In a scripting notebook, instead of having an input/output cell distinction, we have that input cells are cells which contain an atom of type 'Scriptlet'. And output cells are cells that contain the result of the evaluation of a scriptlet (the result is also stored as an atom). When an input cell is evaluated, the result is stored in an output cell by triggering an event of type EvalResultEventType where the event itself is simply the result of the evaluation.

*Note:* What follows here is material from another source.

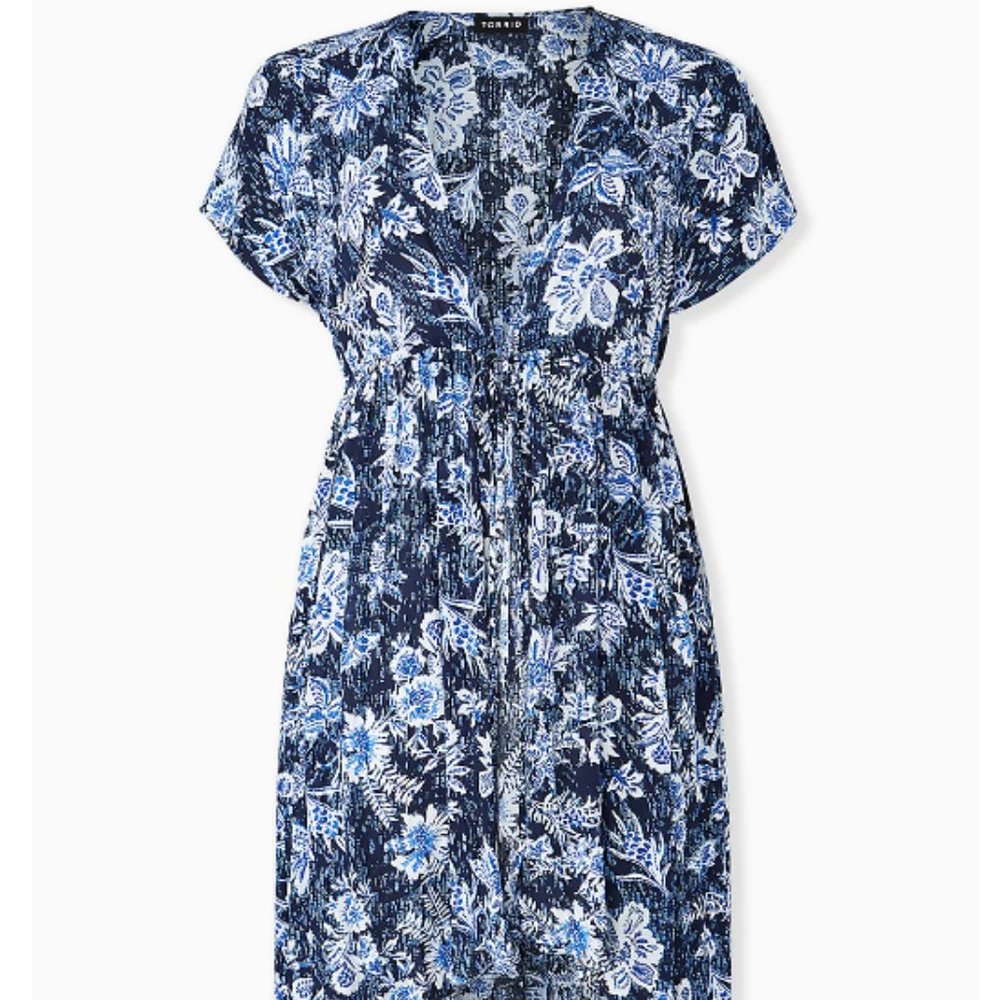 Torrid NAVY FLORAL CRINKLED GAUZE HI-LO KAFTAN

So in a sense, a cell is a visual placeholder and a behavioral component for arbitrary atoms. Dependending on the type of atom they hold, they will offer a different visual display/editing capabilities. One way to implement this is to have a set of component factories that produce visuals (e.g. JComponent) from atom types. Thus when the atom type is a JComponent itself, the factory will simply return the value as its own visual. When the atom type is a java.util.List, some JComponent/JTable that display the list in an intelligent could be returned, etc. The same goes for CellGroups: each cell group can have an associated visual depending on how it is tagged. A notebook view for a cellgroup is one possibility. But the full piccolo-based desktop can also be seen as a viewer of a CellGroup where each member of the cell group has a coordinate location and possibly some other attributes.